J’étais à Londres en 1896, fort seul, quoique obligé par mes occupations de voir quantité de personnes, et des plus pittoresques, chaque jour. J’aimais Londres, qui était encore assez étrange, et assez « Ville de la Bible », comme dit Verlaine : nul ne l’a mieux décrite en quelques vers.

J’y trouvais merveilleusement forte la sensation de se dissoudre dans le nombre des hommes, de ne plus être qu’un élément parfaitement quelconque de la pluralité fluente des vivants dont l’écoulement par les voies infinies, par les Strand, par les Oxford Street, par les ponts qui se vont perdant parmi les vapeurs dans le vague, m’enivrait d’une rumeur de pas sur le sol sourd qui ne laissait à ma conscience que l’impression de l’emportement fatal de nos destinées. J’obéissais ; je me livrais sans but, et jusqu’à l’extrême fatigue, à ce fleuve de gens en qui se fondaient les visages, les démarches, les vies particulières, les certitudes de chacun d’être unique et incomparable. Je sentais puissamment, entre tous ces passants, que passer était notre affaire ; que tous ces êtres et moi-même ne repasserions jamais plus. J’éprouvais avec un amer et bizarre plaisir la simplicité de notre condition statistique. La quantité des individus absorbait toute ma singularité, et je me devenais indistinct et indiscernable. C’est bien là ce que nous pouvons penser de plus vrai au sujet de nous-mêmes.

Un jour, las de la foule et de la solitude, je décidai d’aller faire visite au poète Henley. Mallarmé, qui l’aimait beaucoup, m’avait parlé de lui. Il l’avait peint d’un mot : « Vous lui verrez une face de lion », m’avait-il dit.

William Henley me reçut beaucoup mieux que courtoisement, dans le cottage qu’il habitait sur les bords de la Tamise, à Barnes.

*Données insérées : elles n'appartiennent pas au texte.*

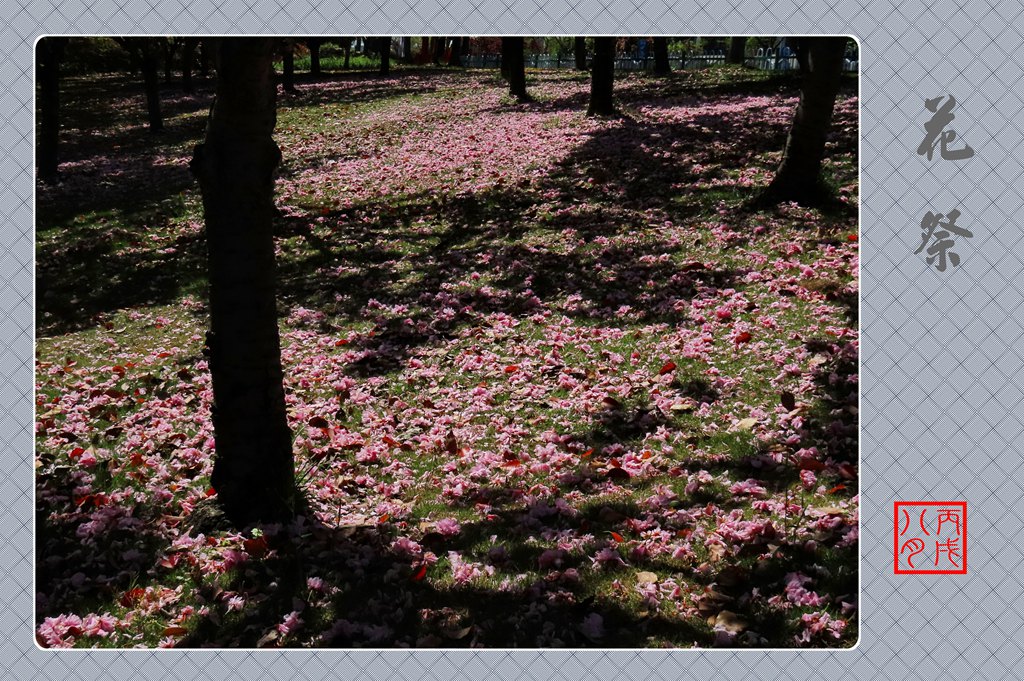 花祭 摄影 丙戌八月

Le vieux poète m’imposa d’abord par cet air de visage assez formidable qui avait frappé Mallarmé. Mais, dès les premiers mots, ce fauve à tête forte et vraiment léonine, ornée d’une crinière épaisse et d’une barbe de poil roux et blanc, me mit à l’aise ; et bientôt, un peu trop à l’aise. Jovial, se prenant à parler français d’une voix chaude et profonde, très marquée d’accent, il me fit entendre un langage dont la vigueur et la verdeur me saisirent. Cela sonnait ou dissonait étrangement dans l’atmosphère assez victorienne de son petit salon. Je n’en pouvais croire mes oreilles. (C’est là une expression tout usée, mais une figure admirable.)

Henley, avec de grands éclats de rire et une joie enfantine que ma stupeur très visible excitait et ravivait à chaque instant, me contait des choses énormes, qu’il débitait dans un argot d’une crudité et d’une authenticité surprenantes.

Je me sentais choqué… Mais quoi de plus flatteur que de l’être par un Anglais en Angleterre ?

Mais la curiosité me poignait de savoir d’où mon hôte avait pris cette science du verbe obscène et tout ce vocabulaire à haute puissance. Ayant assez joui de ma surprise, il ne me fit aucun mystère des circonstances qui l’avaient si complètement instruit. Il avait fréquenté, au lendemain de la Commune, nombre de réfugiés plus ou moins compromis, qui avaient trouvé asile à Londres. Il avait connu Verlaine, Rimbaud, et divers autres, qui parlaient absomphe — et cætera.

Il faut avouer que le discours familier des poètes est assez souvent d’une liberté sans bornes. Tout le domaine des images et des mots leur appartient. Les deux que j’ai nommés le parcouraient de leurs génies, et ne se privaient point de l’accroître dans ses parties les plus expressives. Ceci est assez connu ; mais voici qui l’est moins et qui pourra surprendre : une tradition des plus orales veut que Lamartine lui-même ait quelquefois laissé d’extrêmes propos choir de sa bouche d’or…

Je le dis à Henley, qui s’en montra ravi.

Or, deux dames entrèrent.

Le dîner pris, elles nous laissèrent à nous-mêmes, et une tout autre conversation s’institua entre la pipe de Henley et toutes mes cigarettes.

Il me parla d’une publication qu’il dirigeait, « The New Review », où il insérait de temps à autre des articles en français. Je sentis par ces derniers mots qu’il allait être question de moi ; mais je ne pouvais deviner que cet entretien allait m’induire à des réflexions et m’engager dans une application de l’esprit fort éloignées de mes objets et de mes problèmes ordinaires.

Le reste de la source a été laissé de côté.